Moderna has announced a $483 million award from the Biomedical Advanced Research and Development Authority (BARDA), to fund manufacturing scale-up and the development of the company’s SARS-CoV-2 vaccine mRNA-1273 to FDA licensure.
A Phase 1 study of mRNA-1273, being conducted by the National Institutes of Health, began on March 16, 2020. The open-label study has completed enrollment of the original study: 45 healthy adult volunteers ages 18 to 55 years in three dose cohorts. The NIH recently amended the Phase 1 protocol to include an additional six cohorts: three cohorts of older adults (ages 56 -70) and three cohorts of elderly adults (age 71 and above).
If supported by safety data from the Phase 1 study, the drugmaker will start a Phase 2 study of mRNA-1273 under its own Investigational New Drug application in the second quarter of 2020. A Phase 3 study could begin as soon as fall 2020.
BARDA funding will support these late-stage clinical development programs, as well as the scale-up of mRNA-1273 manufacture in 2020 to enable potential pandemic response.
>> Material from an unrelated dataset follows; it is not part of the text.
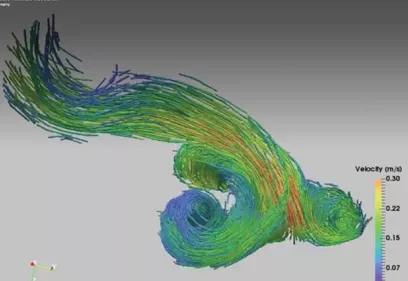 Scientific visualization of blood flow dynamics within a blood vessel. Color-coded streamlines illustrate the direction and velocity of flow, with blue, green, yellow, and red colors representing different speeds. The image demonstrates advanced imaging and computational modeling used to study vascular conditions and blood flow patterns.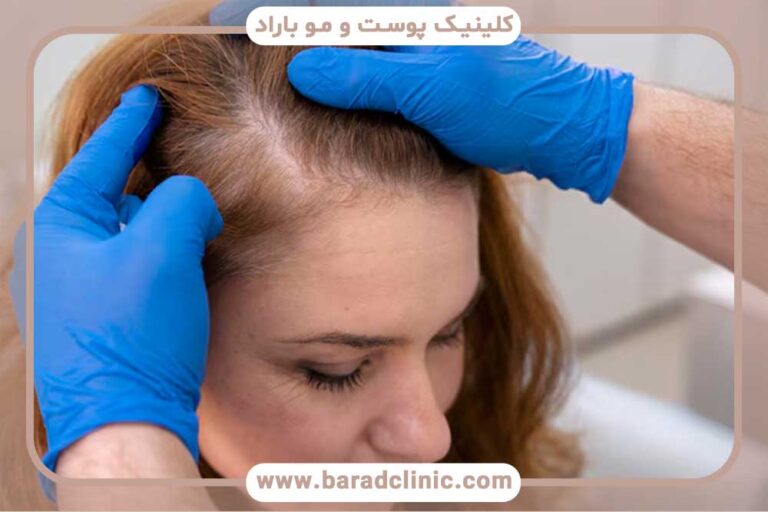 Hair transplant for women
To support the scale-up, Moderna plans to hire up to 150 new team members in the U.S. this year. This includes a significant increase in its skilled manufacturing staff to expand manufacturing capacity from two shifts per day, 5 days per week to three shifts per day, 7 days per week, engineers to manage process scale-up, and clinical and regulatory staff to support clinical development.